Hunters versus hopers with . Which one are you? Justin Duggan considers some scenarios…


Scenario 1:

The hunter arrives at the honey hole, right on the tide change.

He casts to the sweet spot, landing a perfectly-presented soft plastic 5cm from the main snag. After one short twitch, a plump perch engulfs the imitation.

The angler responds with a firm, short strike and the perch is hooked in the jaw. Drags are perfectly set and the stiff rod does its job to pull the puddin’ out of the hole.

Mission accomplished.


Scenario 2:

The hoper arrives at the honey hole, fortunately right on the tide. What a coincidence.

He flings a rusty old popper into the honey hole, landing 80cm short of the main snag. A big perch looks up inquisitively, then wanders out for a closer inspection. But as he gets closer, the imitation bait fish connected to a heavy monofilament leader is ripped through the water, skipping over the surface at a rate of knots the perch has never seen before.

“WTF was that?” he thinks, before shyly slinking back into his hole.

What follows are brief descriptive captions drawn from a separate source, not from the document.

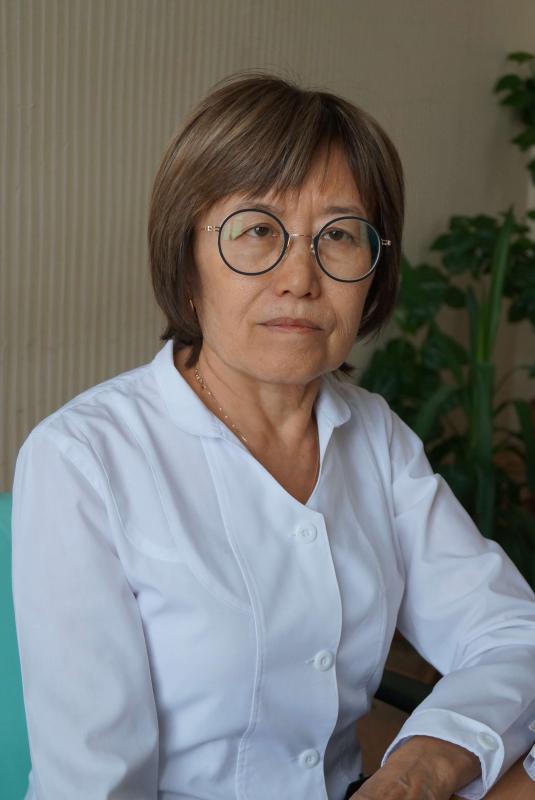 Байбакирова Назигуль Кумаровна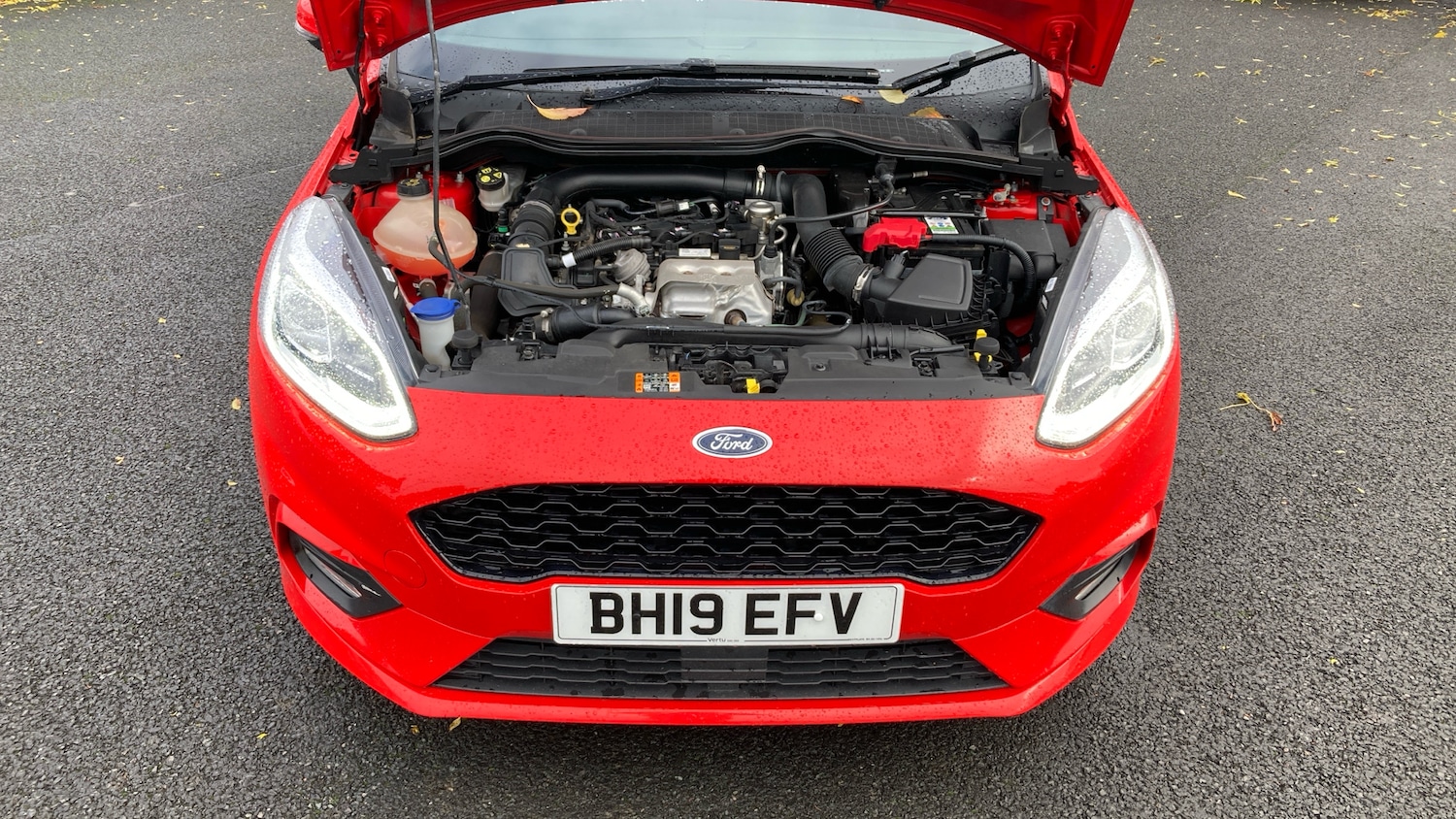 Used Ford Fiesta 2019 for sale - 76355421: Photo 8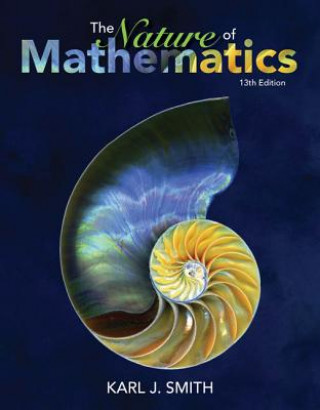 Carte Nature of Mathematics Karl Smith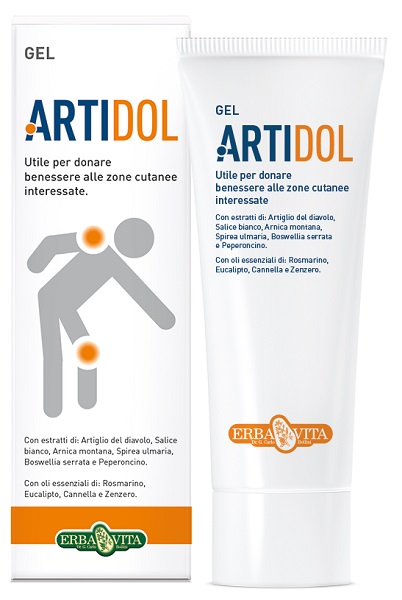 ARTIDOL GEL 100 ML - Farmacia Murachelli Di Putelli dr. Giovanni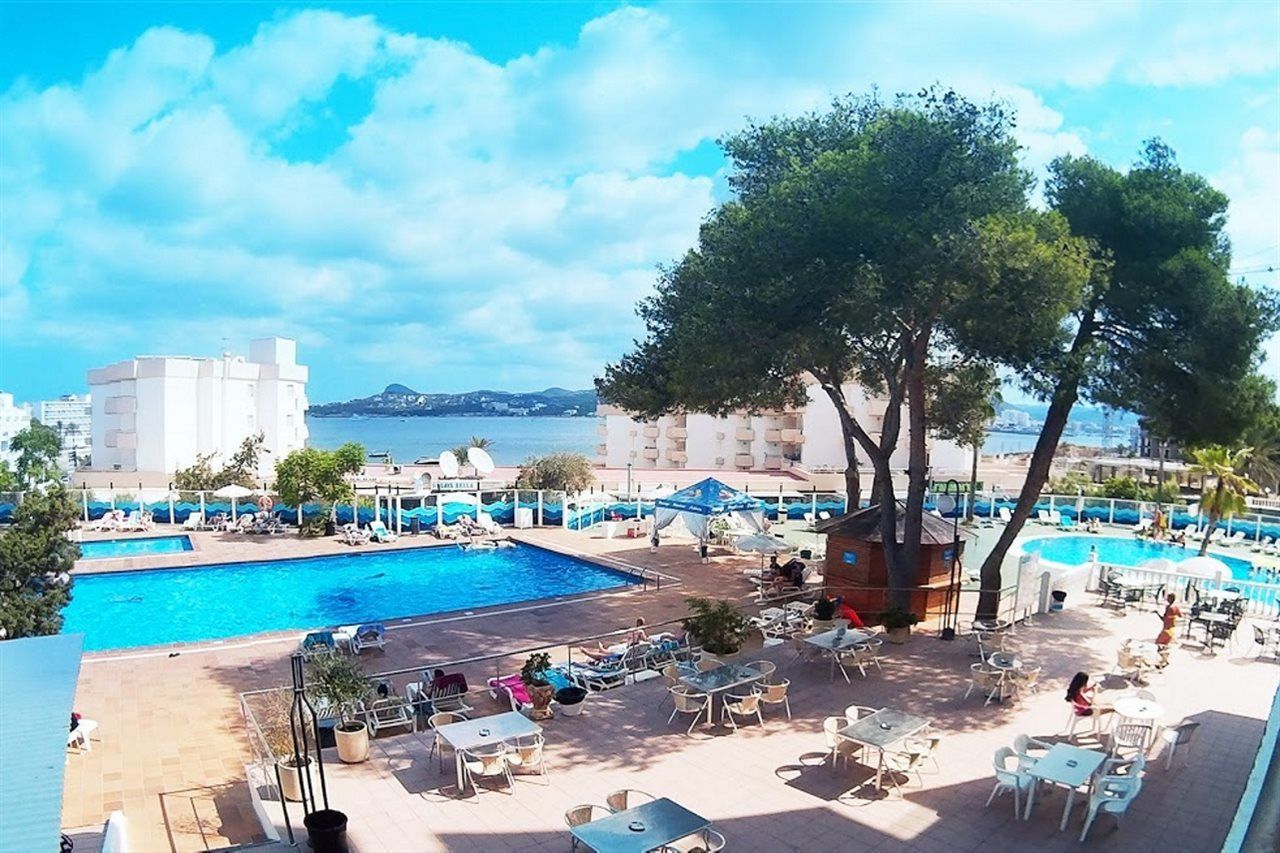 Apartamentos Vibra Riviera San Antonio  Eksteriør bilde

Hunters understand their quarry, study fish habits, plan tides, preferred lures, flies or baits and execute a well-planned attack.

The hoper usually grabs a poorly-maintained outfit from the garage, a packet of frozen prawns, a case of beer and heads to the nearest overfished section of water.

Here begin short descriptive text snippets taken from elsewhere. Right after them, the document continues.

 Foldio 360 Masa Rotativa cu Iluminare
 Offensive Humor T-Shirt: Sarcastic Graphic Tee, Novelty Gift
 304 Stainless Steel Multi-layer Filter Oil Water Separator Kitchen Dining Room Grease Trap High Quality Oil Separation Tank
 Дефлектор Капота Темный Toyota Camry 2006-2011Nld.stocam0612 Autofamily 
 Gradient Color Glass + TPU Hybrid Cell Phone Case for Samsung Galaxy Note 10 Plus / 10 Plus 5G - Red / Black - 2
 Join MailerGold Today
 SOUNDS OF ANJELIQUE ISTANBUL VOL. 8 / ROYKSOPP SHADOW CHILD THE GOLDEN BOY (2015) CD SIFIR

Guess which one catches more fish? Maybe a simplistic summary, but it can be applied to every facet of an angler’s approach.


To become a hunter, we need to get inside the mind of a fish and literally turn them on. Landing your bait or artificial in the zone is half the battle – so get your casting right.

Next we need to feed that fish, not just hope it will eat. And there are triggers to getting certain species to eat. Barra are a great example: landing the lure centimetres from their lair is essential.




The hunter also knows the first twitch of that lure needs to be short and sharp, he doesn’t want to pull the lure out of the strike zone with the first rip of the rod tip. It’s a wiggle, a pause, a jiggle, pause – keep the lure in the zone.


Hopers on the other hand, blindly cast and wind the lure aimlessly – and they may get lucky.

Hunters are also aware of their leader and line visibility – clear water needs lighter leaders, more often than not.

Know your quarry, how hard is their jaw? How do they strike? Big thick hooks on light rods won’t penetrate a jewfish mouth…

What angle is the rod held to set that hook? High rod angles put little pressure on the hook end.


Hunters know how to make every twitch of the rod impart an action in their lure or soft plastic. There is very rarely a wounded baitfish in the ocean that lives for long. If you want a bait, fly or lure to get eaten, then make it look vulnerable and wounded. Some lures impart their own action, while others require input from the angler using rod manipulation.


From choosing tackle right down to tides, casting and retrieves, the hunter knows their quarry and makes their own luck, whilst the hoper dangles a line and gets pissed on the bank – not that some would have a problem with that.





  1. More wobble, more gobble – get that lure or fly to appear wounded.
  2. Mix it up – vary retrieve speeds to work out what can trigger an attack. Pelagic fish may like speed, bass may want subtle twitches.
  3. Increase your chances – plan your tides to correspond with high feeding times (early morning and late afternoon).
  4. Stay sharp – plan your tackle from butt to tip and keep it maintained.
  5. Be a nerd – keep a fishing diary.